Pakistan generates electricity through both thermal and hydel power, although until 1980s, share of hydropower in the energy mix was more than 50%. This changed after the introduction of IPP Policy as it encouraged private sector to invest in furnace oil and gas based plants in Pakistan.
The policy was driven by the lower oil prices (an average of $18 per barrel), at the time, which escalated to more than $90/bbl over the years driving up the cost of generation. Since, electricity was subsidized for domestic consumers, the differential between the tariff charged and the cost of electricity had to be picked up the government, leading the country to the vicious cycle of circular debt.

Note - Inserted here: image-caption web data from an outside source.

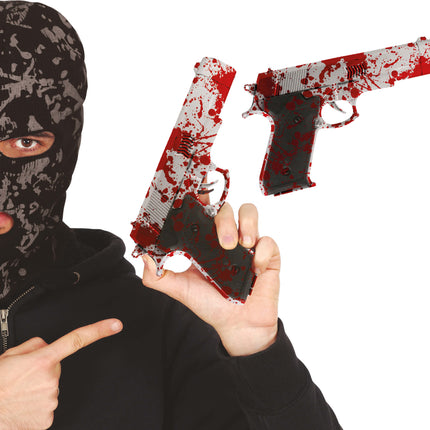 Halloweenowy sztuczny pistolet z krwią 24 cm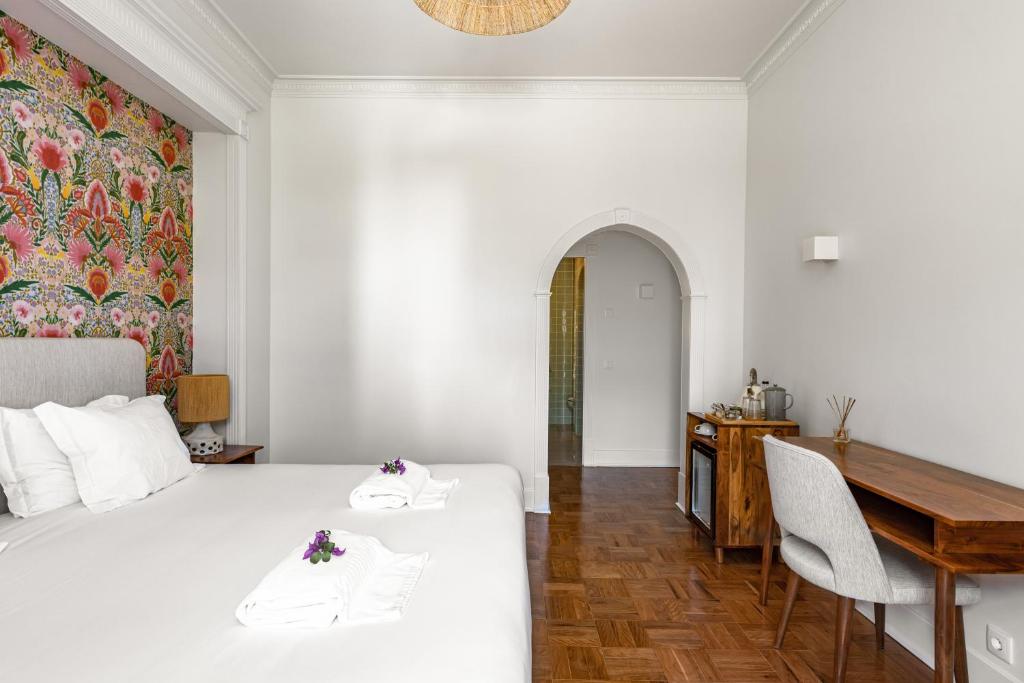 a bedroom with a bed and a desk and a table at Pergola Boutique Hotel in Cascais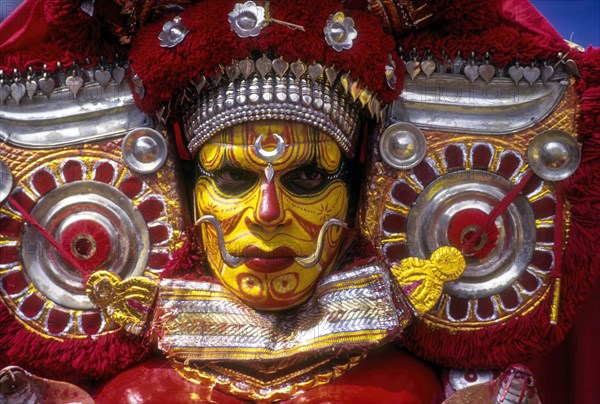 Theyyam dancer in Kavadiyattam in Athachamayam celebration in Thripunithura during Onam near Ernakulam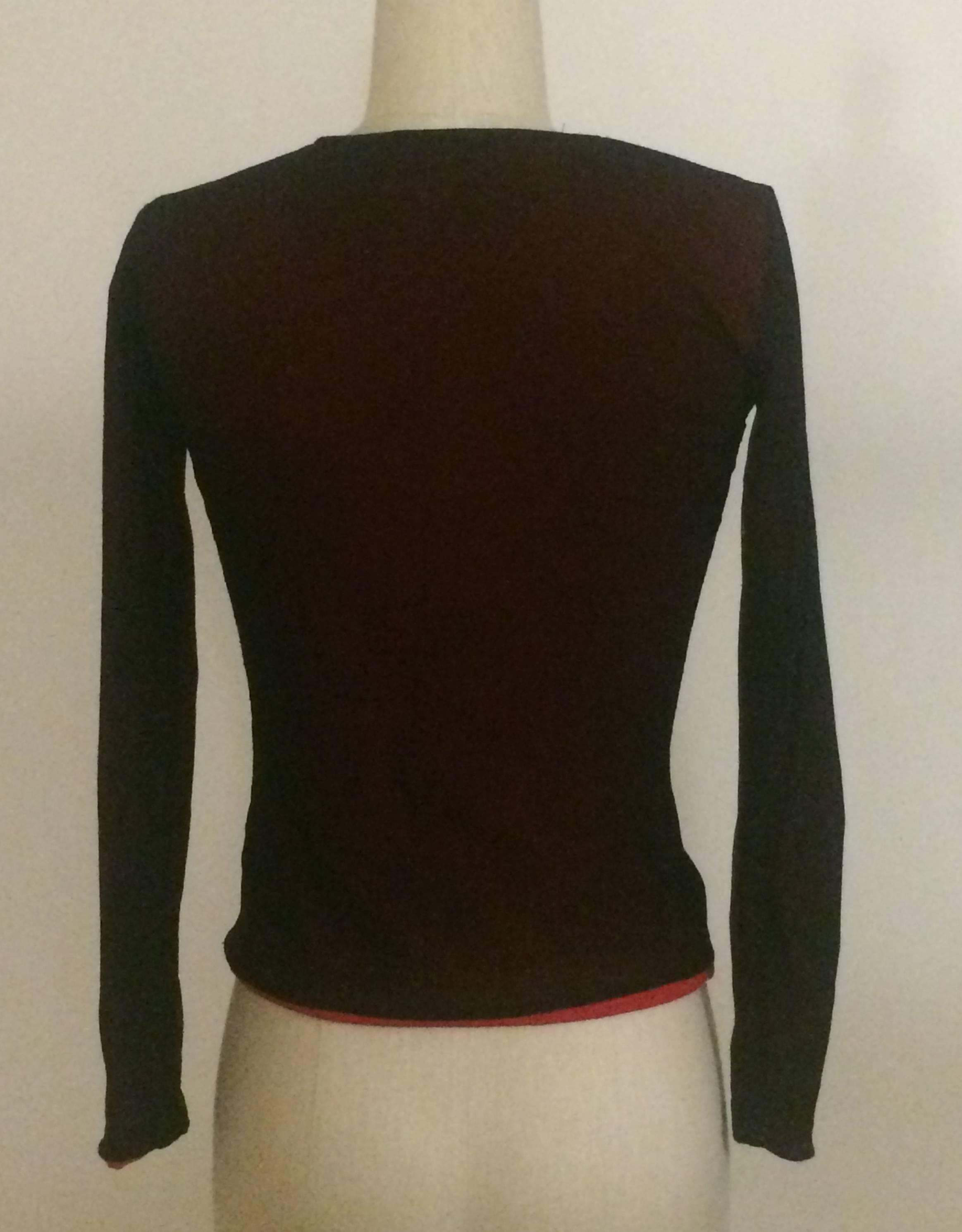 Moschino Cheap & Chic 1990s red long sleeved top with 'Quit Staring at My T-Shirt' printed under super-fine black mesh. 

Layer 1: 100% polyamide.
Layer 2: 87% polyamide, 13% spandex.

Made in Italy.

Size IT 38, best fits XS. Very stretchy,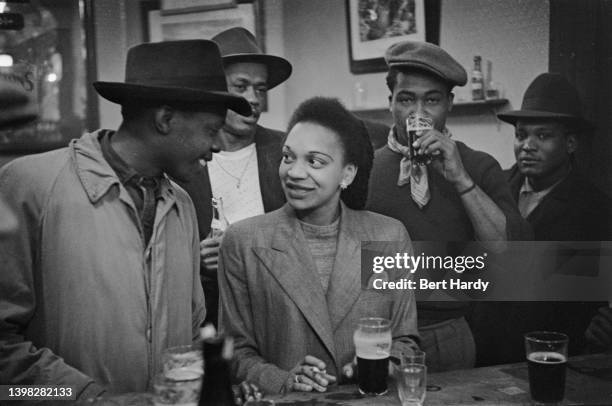 People enjoy a drink at a pub, UK, 1949. Original publication: Picture Post - 4825 - Is There A British Colour Bar? - Vol 44 No 1 - pub. 2nd July 1949
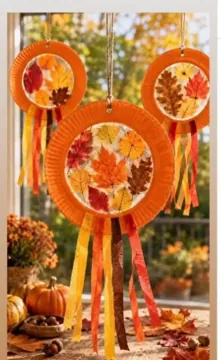 Blätter-Sonnenfänger aus einem Papptellerrand am Fenster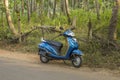 Blue motorbike stands on the asphalt road against the green jungle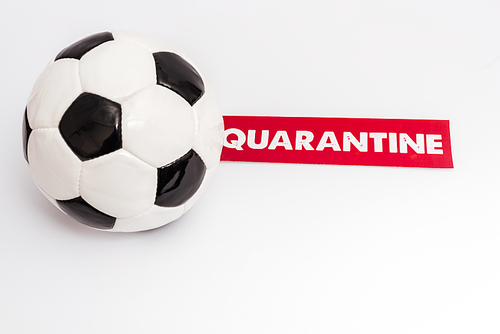 soccer ball near paper with quarantine lettering on white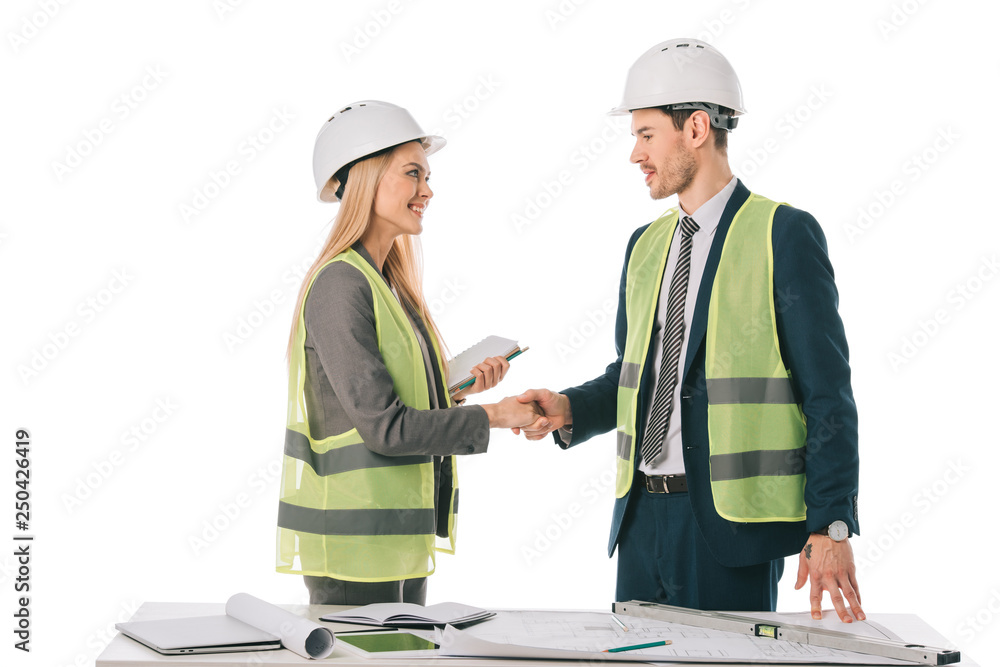 architects in safety vests and hardhats making deal and shaking hands, isolated on white architects in safety vests and hardhats making deal and shaking hands, isolated on white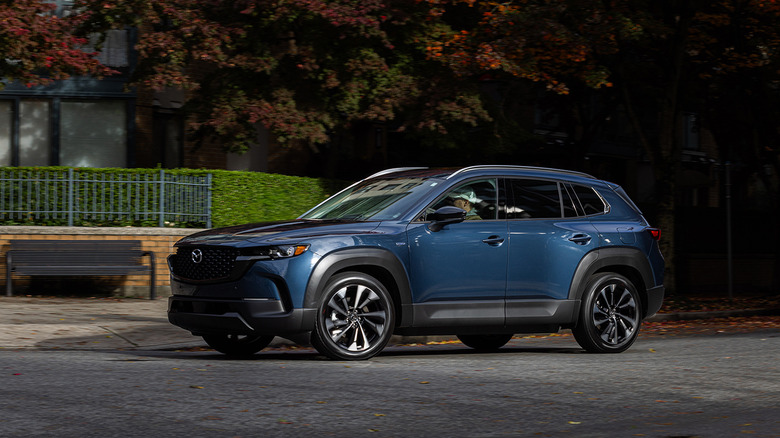 A dark blue 2025 Mazda CX-50 driving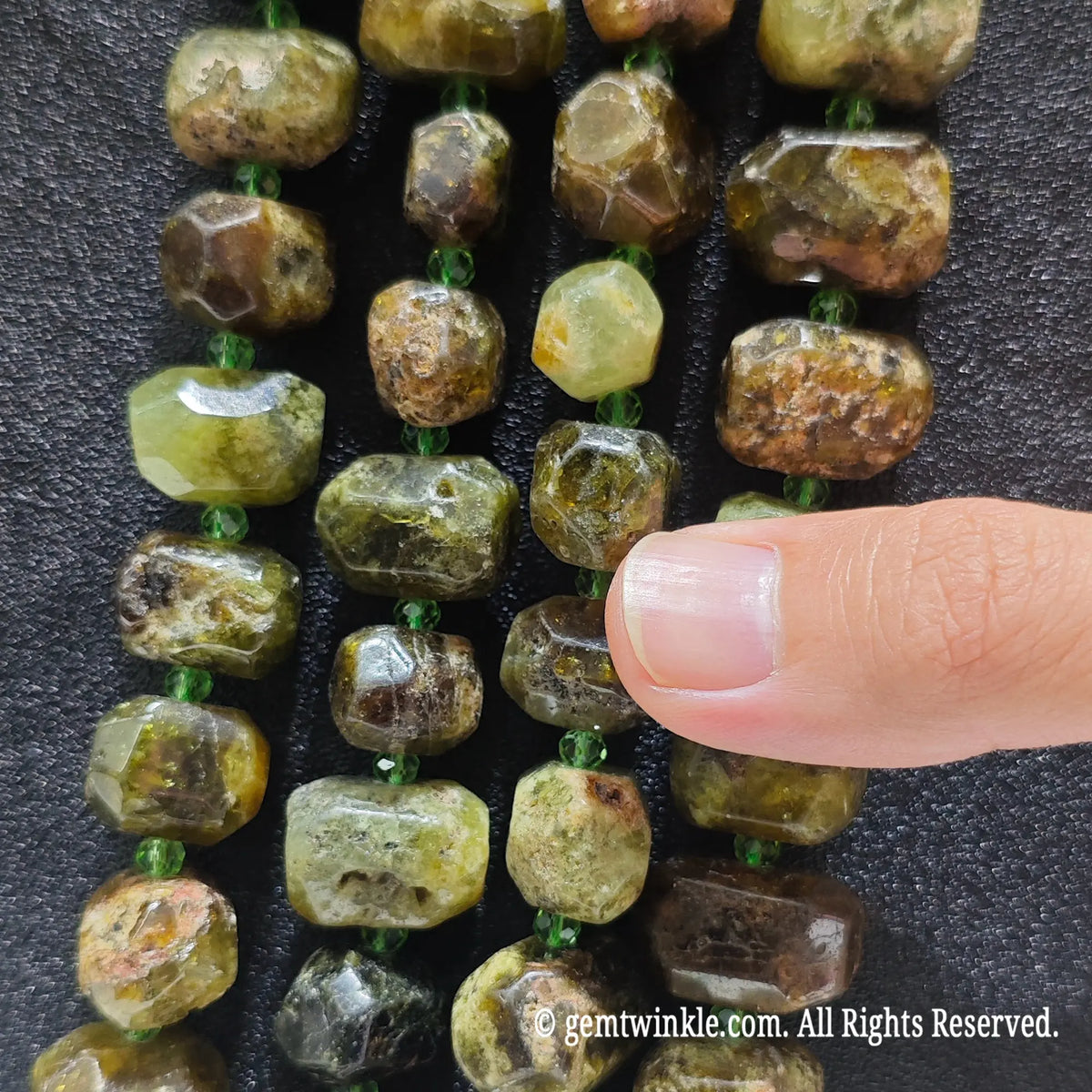 Close up view of natural olive green garnet faceted nugget beads highlighting refractive facets and natural earthy crust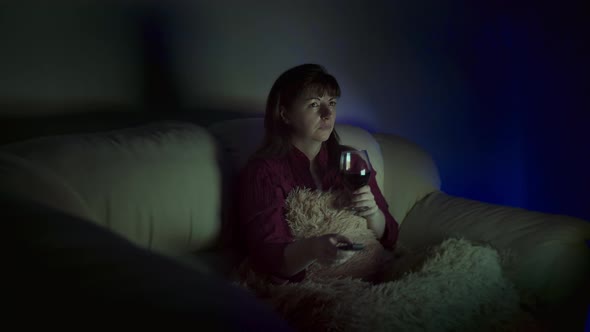 Woman with a Glass of Wine Sits at Home on the Sofa in the Evening and Watches Tv Deep Feelings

Moreover, uncoordinated policy of allocating natural gas among its various uses, without long term planning, resulted in depletion of local gas reserves necessitating import of LNG.
Presently, the installed capacity of the country is 26,000 MW while gross generation is 117,000 GWh with hydel providing 30%, gas 30 % and furnace oil 36% of total generation. Renewable energy share (excluding large hydro) is below 2%.
Source: Power System Statistics 2015-16
However, if the government doesn’t change its energy policy along the way, and the planned investments for the next 15 years materialize, by the year 2035 the energy mix would get 50% from thermal (coal, LNG, gas and oil) and 47% from renewables (solar, wind and hydro), with a total installed capacity of around 74,000 MW. Since 50% of the incoming coal plants will be using imported coal while RLNG plants will utilize LNG imported from Qatar, our energy costs will continue to be vulnerable to external factors.
Source: Planning Commission
The increased deployment of renewable energy, including large hydroelectric projects, can provide energy security, foreign exchange savings, and environmental benefits. More importantly, a higher share of renewables can reduce fuel costs (a major component of the total generation costs), and as a result reduce subsidies afforded to the power sector. Liquefied natural gas, coal, and oil prices tend to be highly volatile as these depend on external factors, and can thus have substantial impact on the energy costs. On the other hand, wind, solar and hydro power costs are much less volatile.